We undertook a convergent mixed-methods evaluation of our participatory research activities after completion of the study. First, we gathered information on attendance of group members at meetings. We also sought to allow them to provide feedback on the experience and to understand the challenges inherent in conducting this type of research with this population. To do so, we conducted anonymized surveys (online supplemental appendix B) and an open-ended focus group at the conclusion of the group meetings in July 2019, with the latter facilitated by colleagues not previously engaged with the group. After a 4-month hiatus, we recalled group members and conducted a final semistructured interview to ask them about how their participation impacted their lives, and what might have changed for them due to their participation.
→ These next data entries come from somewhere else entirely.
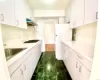 Kitchen featuring white fridge, white cabinets, gas stovetop, and sink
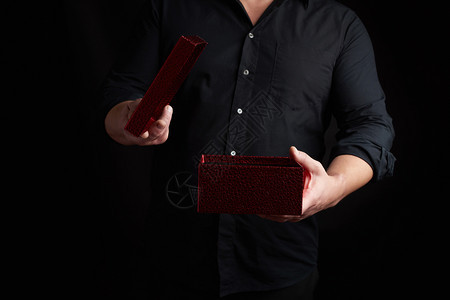 穿黑衬衫的成人男子拿着一个亮的红纸箱惊喜和节日问候的概念图片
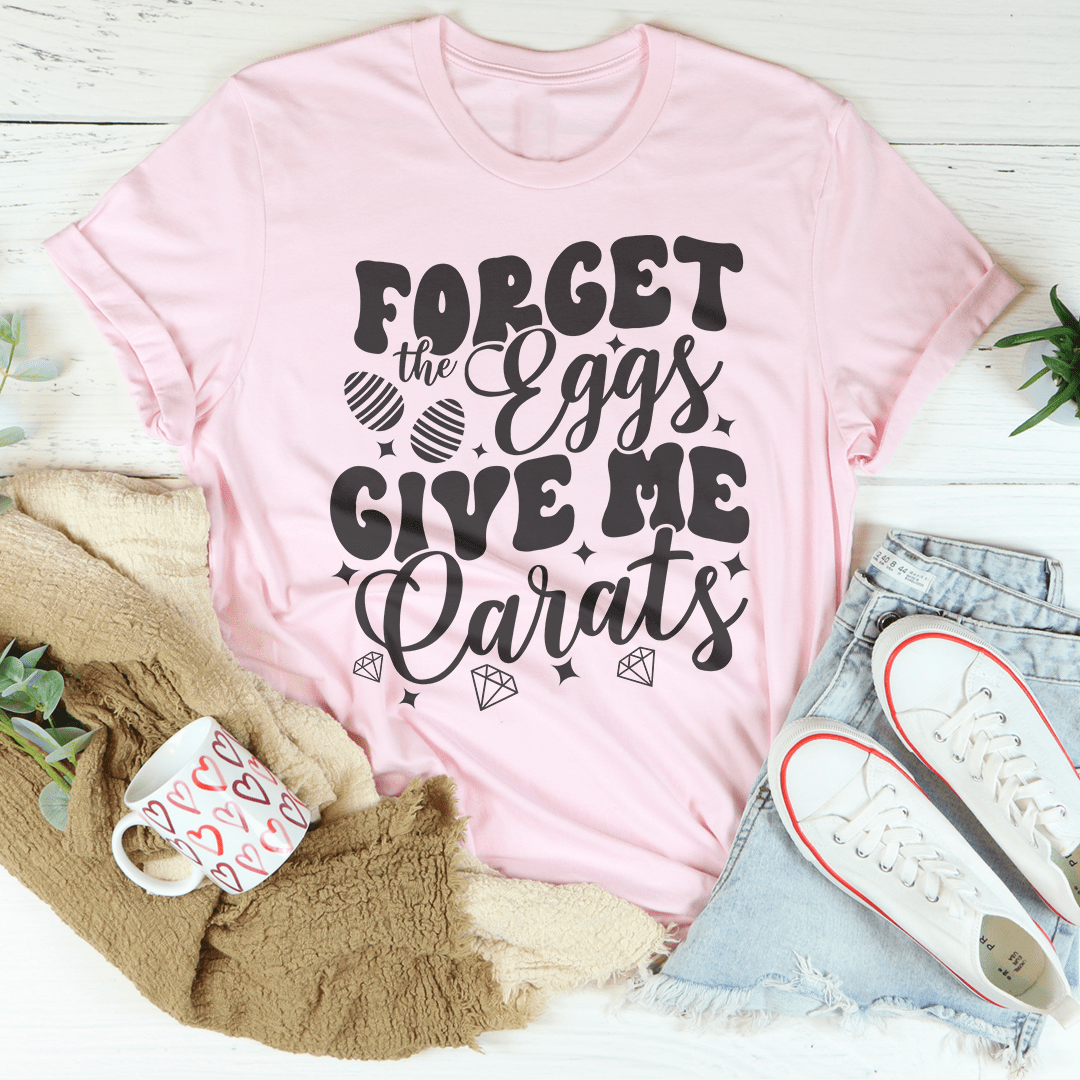 Light pink t-shirt with "Forget the Eggs Give Me Carats" graphic on front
Interview responses and focus group transcripts were analyzed using directed qualitative content analysis,41 following a predominantly deductive approach with the preliminary coding template being based largely on the questions asked in the quantitative survey: (1) diabetes knowledge, (2) tangible skills, (3) challenges and suggestions for improvement. Within each of these broad categories, responses were coded according to similarity. Interview transcripts were analyzed independently by two reviewers with experience in qualitative data analysis (DJTC and RBC). Multiple reviewers were used to provide a diversity of perspectives on the data rather than seeking convergence. Results from the various methods were triangulated to provide qualitative support for the patterns reported in the quantitative survey.
Finally, we asked some group members and the academic investigators who were closely involved with data collection to provide a statement reflecting on their experience and the impact of their participation in this research.
Group composition, engagement and challenges
We were contacted by 28 individuals who initially expressed interest in being part of the group. Sixteen (16) of those individuals came to at least one group meeting. Of those who attended one meeting, five were ineligible to participate as they did not have diabetes, based on self-report. The remaining 11 individuals agreed to become part of the recurring group. Three participants did not return after the initial group meeting, and eight continued to participate throughout the entire duration of the study. Our eight group members included five women and three men, with ages ranging from 36 to 73 years. Four reported having diabetes complications while four stated that they had no complications. The majority of group members were white (n=5), two were black and one was Indigenous (table 1).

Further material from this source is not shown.